2012-3-29
China Resources Enterprise's 2011 net profit fell 50%, as its 2010 earnings were boosted by a one-off gain.
-- Company expects consumer sentiment in China to continue to be affected by volatility in the global economy.
-- Profit from its retail division fell 10% in 2011 as rising inflation and market volatility hurt consumer sentiment.
(Adds quotes of company's chief financial controller on capital expenditure and acquisitions in the 8th and 9th paragraphs)
HONG KONG (Dow Jones)--Blue-chip consumer goods conglomerate China Resources Enterprise Ltd. (0291.HK) Wednesday reported a 50% drop in its 2011 net profit, as its year-earlier earnings were boosted by a one-off gain from the disposal of its stake in a clothing-distribution joint venture.
The conglomerate, which flagged a challenging outlook for this year as the global economic turmoil and local inflation continue to damp spending by consumers, said it will, however, continue to open more stores to expand its market share.
After the divestment, China's largest beer producer by sales volume has been focusing on increasing the market share of its core businesses--retail, food, brewery and beverages--in the country's key cities.
China's biggest supermarket operator said its net profit for the 12 months ended Dec. 31 fell to HK$2.83 billion (US$363 million) from HK$5.67 billion in 2010.
Excluding gains from asset revaluations and one-off disposals, the group said its underlying profit was down 0.3% compared to 2010, but didn't provide specific data.
In February 2010, China Resources disposed of its stake in a clothing-distribution joint venture with Esprit for HK$3.88 billion in cash, which accounted for more than half of its 2010 net profit.
"In 2012, we expect the operating environment in China to remain challenging, with consumer sentiment still affected by volatility in the global economy, primarily the unfolding sovereign debt crisis in Europe," Chairman Qiao Shibo said in a statement.
Frank Lai, the group's chief financial controller, told a press conference that it has allocated HK$8 billion for capital expenditure this year. The amount will mainly cover acquisitions and the opening of more than 500 new retail stores in China, he added.
The conglomerate is still interested in acquiring the brewery operations of Chinese beer maker Kingway Brewery Holdings Ltd.(0124.HK), a deal that many of its competitors are also looking at, Lai said. But he declined to disclose the progress of China Resources' negotiation with Kingway.
The company's revenue rose 27% to HK$110.16 billion from HK$86.73 billion in 2010.
China Resources Enterprise said its retail division recorded a profit of HK$1.74 billion last year, down 10% from a year earlier, as consumer sentiment was battered by lackluster stock market performance and rising inflation in China. It said higher minimum wage levels in various regions in the country also pressured its operations.
The company operated around 4,000 hypermarkets, superstores, supermarkets and convenience stores in China at the end of December.

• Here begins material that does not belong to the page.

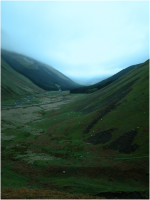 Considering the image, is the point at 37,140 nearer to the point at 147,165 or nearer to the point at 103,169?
the point at 103,169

Net profit contributed by its beer division, which has a market share of more than 20% in China and includes a majority stake in a beer-making venture with SAB Miller PLC under the Snow brand, rose 15% to HK$785 million, as the country's increasing appetite for the drink more than offset rising costs of labour and raw materials.
China Resources, which operated around 80 breweries in China as of Dec. 31, said its beer sales volume rose 10% to 10.24 million kiloliters.
Shares in the conglomerate was down 1.0% at HK$29.45 Tuesday, while the benchmark Hang Seng Index dropped 0.2%.